━━━━━ DATA FOR PROCESSING ━━━━━
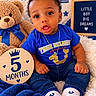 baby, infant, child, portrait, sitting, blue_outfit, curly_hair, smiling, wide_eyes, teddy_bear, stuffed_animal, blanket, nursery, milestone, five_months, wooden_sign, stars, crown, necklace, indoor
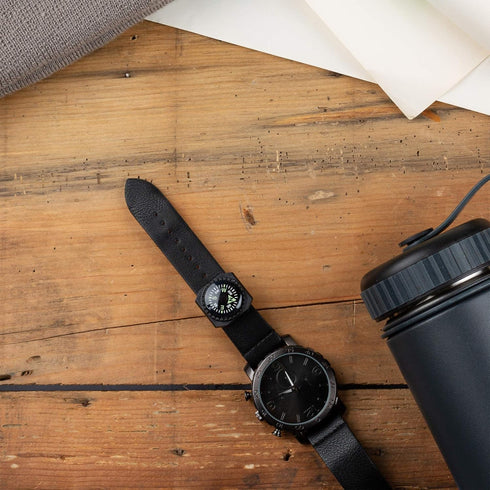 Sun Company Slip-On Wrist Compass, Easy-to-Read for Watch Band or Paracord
━━━━━
━━━━━ DATA FOR PROCESSING ━━━━━
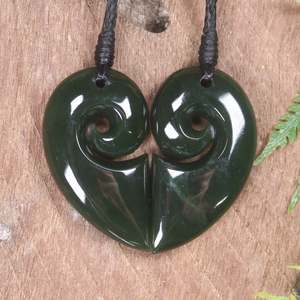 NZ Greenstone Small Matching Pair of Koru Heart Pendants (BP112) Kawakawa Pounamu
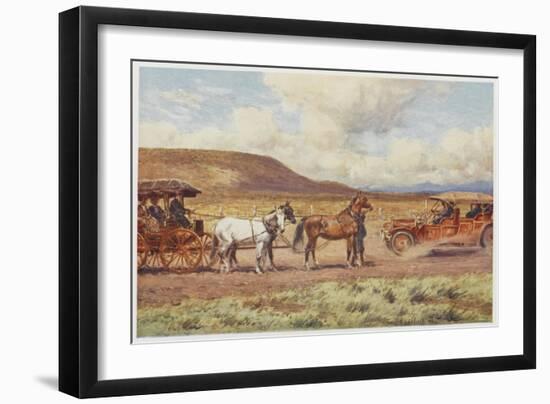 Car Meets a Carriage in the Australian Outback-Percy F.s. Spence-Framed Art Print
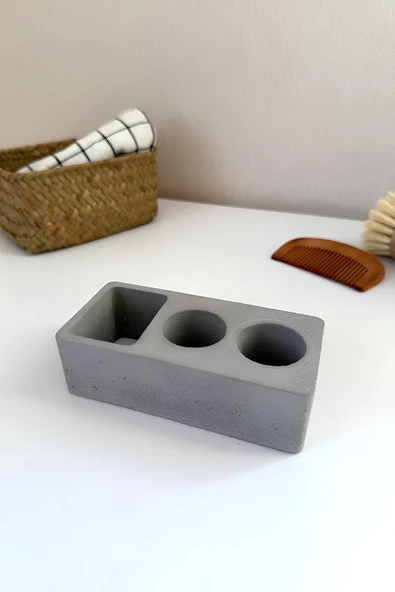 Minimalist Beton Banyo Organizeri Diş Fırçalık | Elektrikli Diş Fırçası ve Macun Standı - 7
━━━━━
━━━━━ DATA FOR PROCESSING ━━━━━
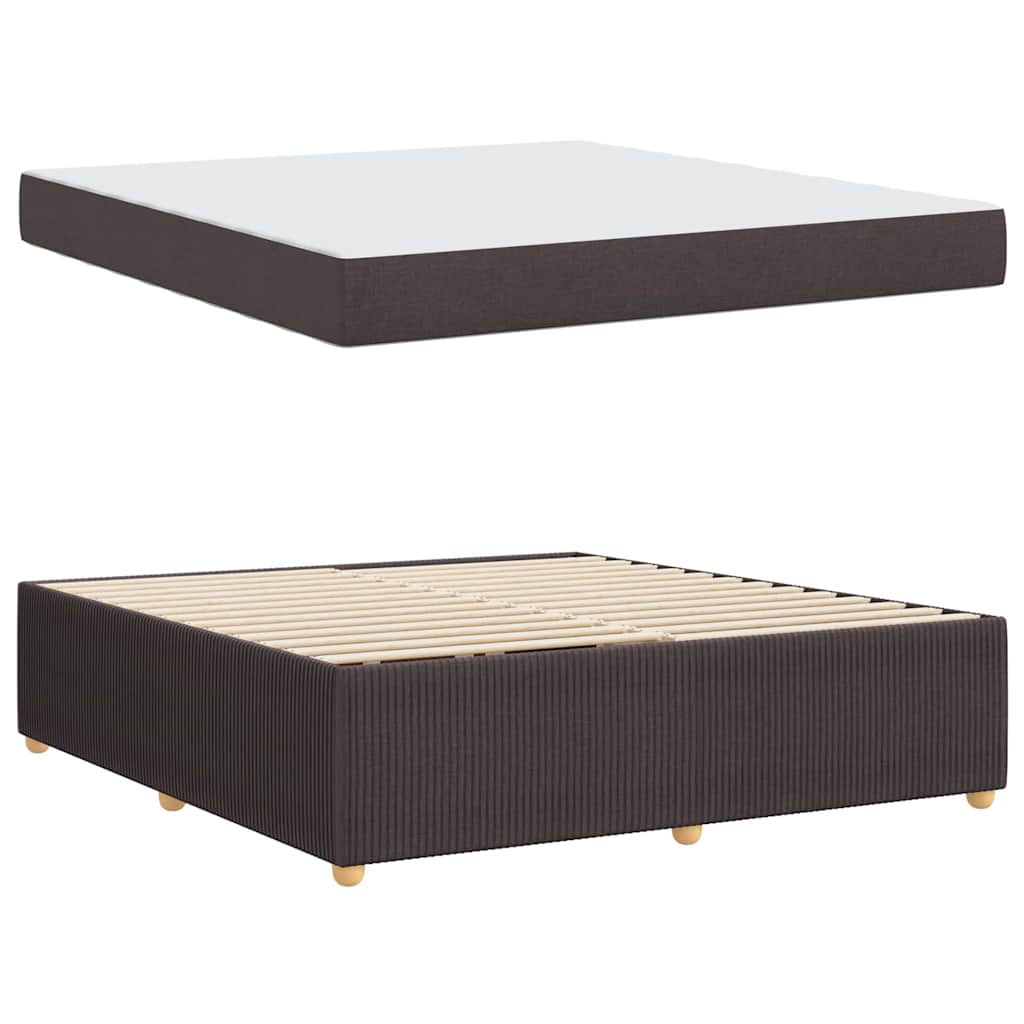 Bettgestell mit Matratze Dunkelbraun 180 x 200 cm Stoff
━━━━━
THE TASK.
Nothing but the lines above, starting at the line that contains "crown, necklace, indoor" and ending at the line that contains "Sun Company Slip-On", should be given again, exactly and without the pictures.

SOLUTION FOR THIS PROBLEM.
 baby, infant, child, portrait, sitting, blue_outfit, curly_hair, smiling, wide_eyes, teddy_bear, stuffed_animal, blanket, nursery, milestone, five_months, wooden_sign, stars, crown, necklace, indoor
 Sun Company Slip-On Wrist Compass, Easy-to-Read for Watch Band or Paracord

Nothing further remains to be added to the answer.